What is the commercial / artistic / social role of the poster?
Milton Glaser: If we mean by ‘role’ a pre-existing, intrinsic function, the poster’s role is to convey information from a source to an audience, in order to move that audience to an amplification or change of perception that produces an awareness or an action. When a poster has a commercial intention it obviously tends to convince an audience to buy goods and services.
The artistic role of any poster is more difficult to ascertain. Depending on your definition, posters do not have to be ‘artistic’ to be effective (i.e. be successful in its ‘roles’). It is far more important for posters to be effective than artistic. The aesthetic part of poster making has more to do with the objectives of its maker than the requirements of form. Because of the poster’s historical relationship to the world of painting, any by virtue of its physical size, the poster seems to offer more opportunities for the designer to do artistic or imaginative work than many of the other areas in which he may be working.

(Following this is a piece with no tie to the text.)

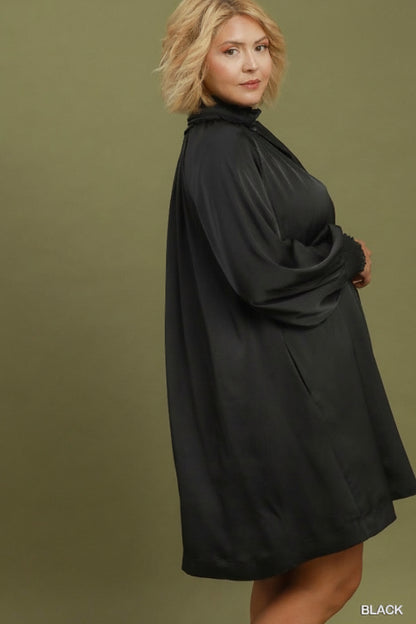 Satin Tie Neck Dress: loose black long-sleeve mini dress with high neckline, subtle ruffle details, and balloon sleeves. Available in plus sizes.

In addition to the significant function of informing and motivating a public, the question of the poster’s social role is a more subtle one. Does society benefit from experiencing words that have ‘artistic’ merit and which are well made? Without beginning to define those evasive terms I would have to say, yes, although I would be hard pressed to prove a case. To add to the ambiguity, it should be noted that a well made object may have little artistic merit, and an artistic object does not have to be well made.
Is money a corrupting influence in poster design?
Glaser: Perhaps in one sense: when the financial risks are greatest, clients tend to be most conservative. The fear of losing a significant amount of money can have a chilling effect on one’s sense of adventure and imagination.